Abstract
Ceramic proppants are determined as material designed for hydraulic fracturing in the shale gas industry. Shale formation is fractured due to pumping the fracturing fluid including proppants into the unconventional well. Ceramic granulates set in the newly created fissures act as a prop and permit the shale gas of flowing up the well. The aim of this research was to study and compare ceramic materials used as proppants. The investigation includes four kinds of industrial proppants in green state obtained in a way of mechanical granulation process without binder and with poly(acrylic–styrene) dispersion in amount of 5 mass% with respect to the powder. Green pellets and afterward sintered granulates with 16/20 and 20/40 mesh were also analyzed and compared. Usefulness of green pellets was estimated basing on bulk density, thermal analysis, thermogravimetry, roundness coefficient and porosity results. Structure, morphology and chemical composition of the green state samples were determined by scanning electron microscopy with energy-dispersive spectroscopy. The sintered proppants were also characterized with X-ray tomography, turbidity and solubility in acid. Mechanical strength of these samples was established during subjection to crush test. The outcomes show a suitability of the studied material and prove chemical composition and grain size influence on the integrity of created fractures and therefore the extraction of the unconventional gas out of the well.
Highlights
Natural gas is one of the most important sources of energy on the global market that reduces CO2 emissions more than twice in case of coal and 40 % lower than oil
It is predicted that global shale gas extraction will increase from 13 % in 2009 up to 23 % in 2035 which is equal to 1.6 bln m3 [3]

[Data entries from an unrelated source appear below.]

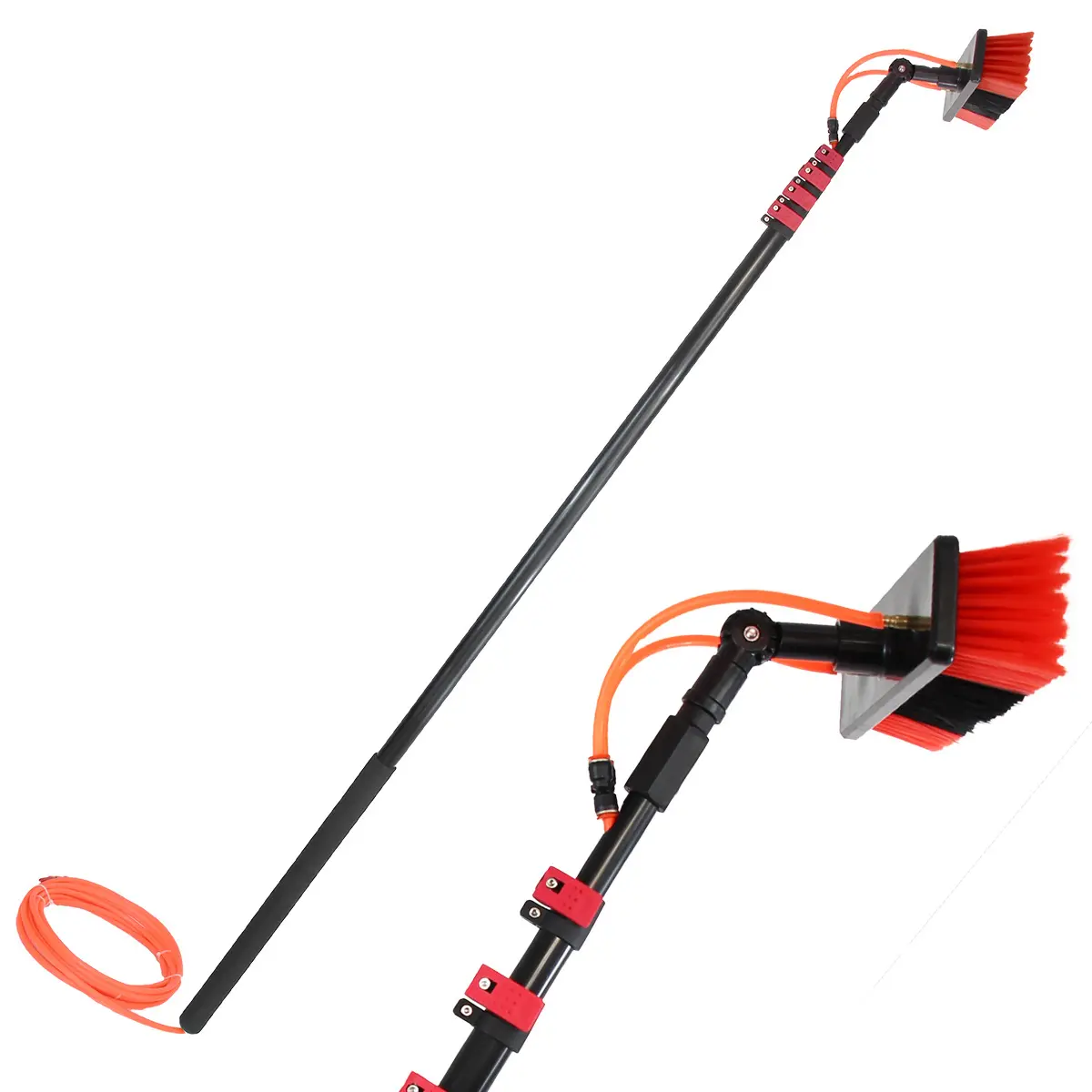 Red Color Telescoping Solar Panel Brush Cleaner Used for PV Panels Clean 6 m Handle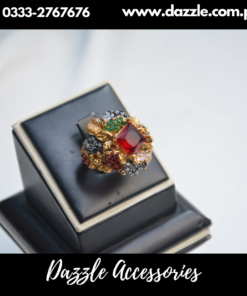 Turkish 3D Multi Color Adjustable Ladies Ring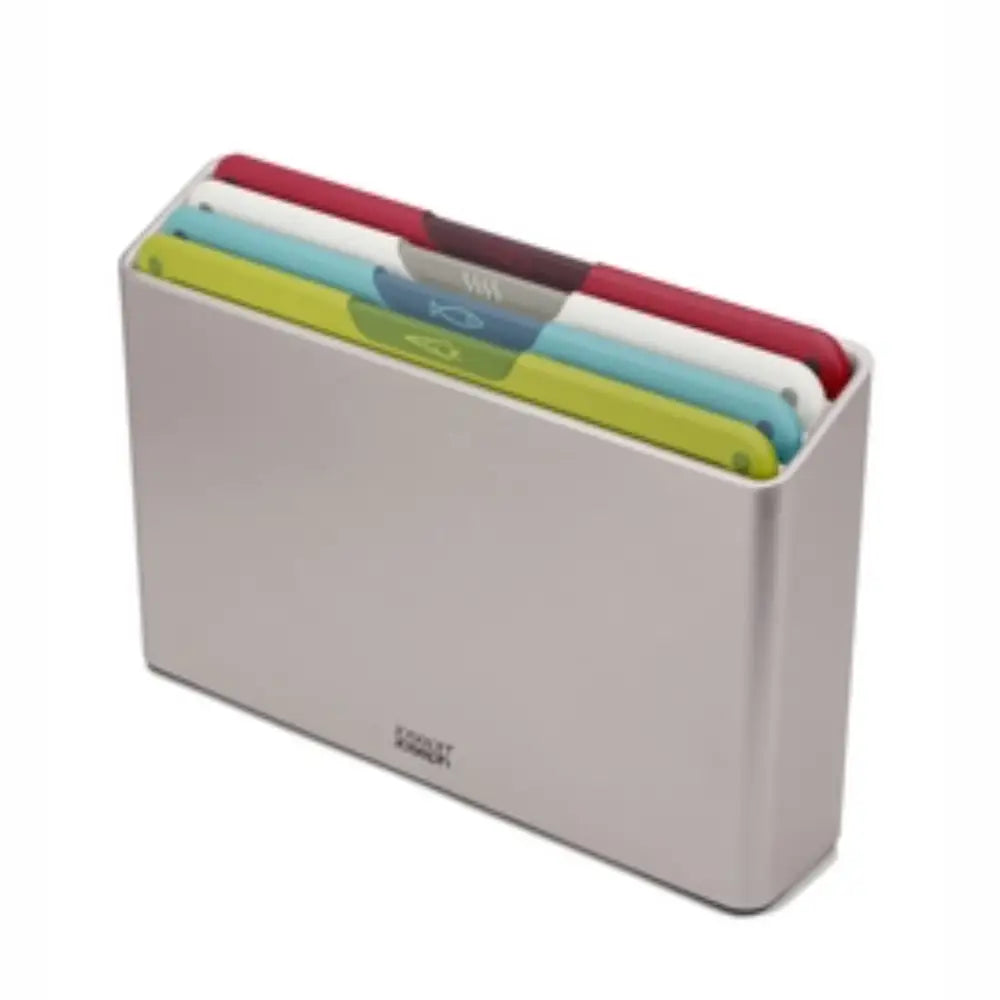 Joseph Joseph Folio Icon 4 piece chopping board set in white storage case with colour-coded boards in burgundy, white, light blue and lime green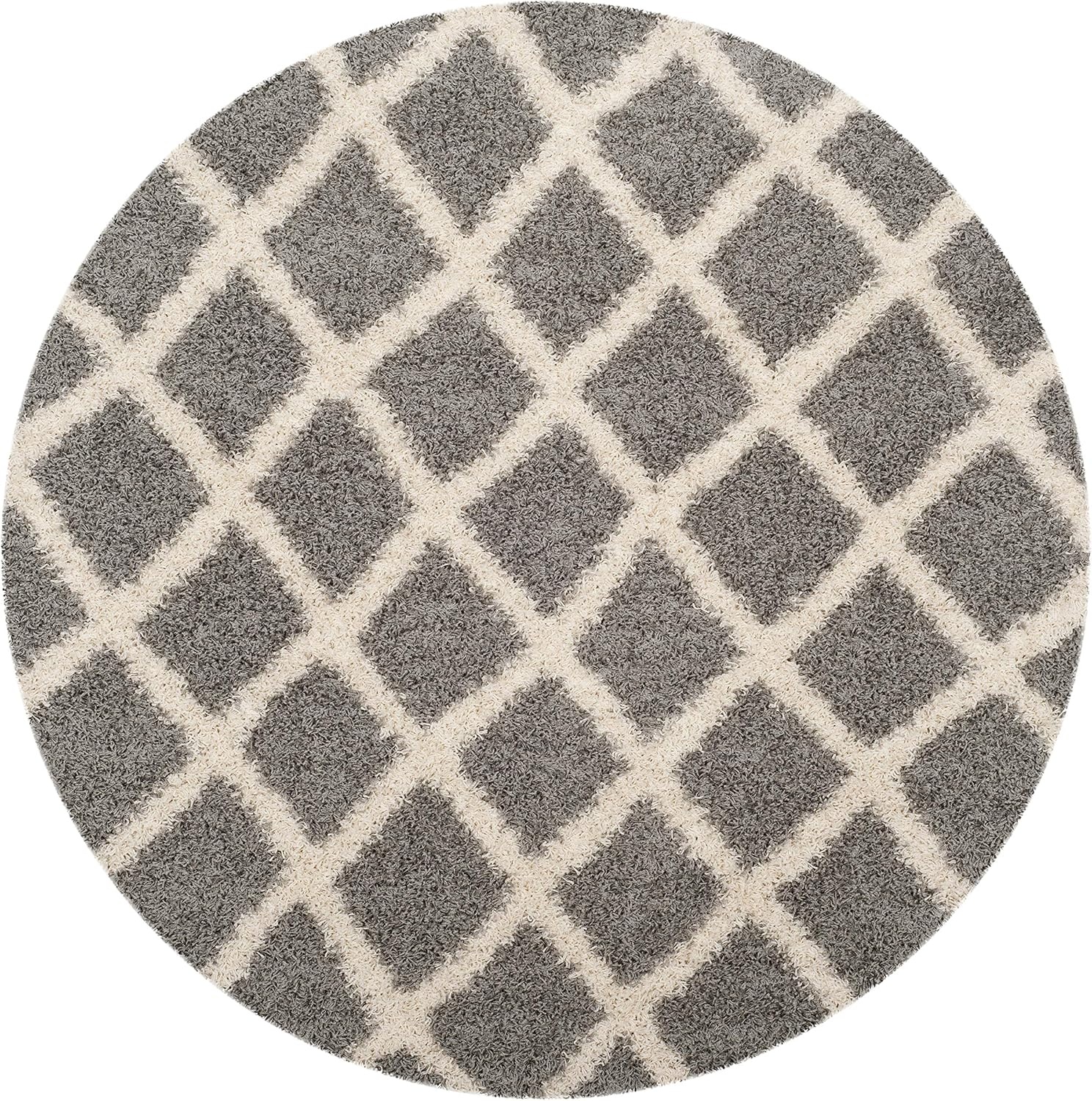image:imageSAFAVIEH Dallas Shag Collection Area Rug 86 x 12 Dark Grey amp Ivory Trellis Design NonShedding amp Easy Care 15inch Thick Ideal for High Traffic Areas in Living Room Bedroom SGDS258AGreyIvory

X-ray diffraction (XRD) analysis of raw materials used for the proppants production indicated dominating presence of boehmite and kaolinite, and in minor amounts phases of calcite, anatase, rutile and hematite
Summary
Natural gas is one of the most important sources of energy on the global market that reduces CO2 emissions more than twice in case of coal and 40 % lower than oil. A real and promising perspective for replacing conventional resources can be deposits of unconventional natural gas that occurs in shale [1]. This group of hydrocarbons, formed by resources trapped in impervious rocks, demands specific fracturing ways. Standard permeability of conventional deposits totals up 10−3 D (Darcy), while it is much lower on the scale for the shale gas (10−9 D) [2]. Scale of European unconventional reservoirs is thrice smaller (Sweden (1.2 bln m3), Ukraine (1.2 bln m3), France (5.1 bln m3), UK (5 bln m3), Norway (2.4 bln m3), Germany (7–22 bln m3) and Poland (0.8 bln m3)) where deposits occur twice deeper (up to 6 km) in comparison with US shales. Polish shale formations consist of quartz, loamy, silica, marly and bituminous rocks that determine more severe geological and geochemical parameters than American ones [4]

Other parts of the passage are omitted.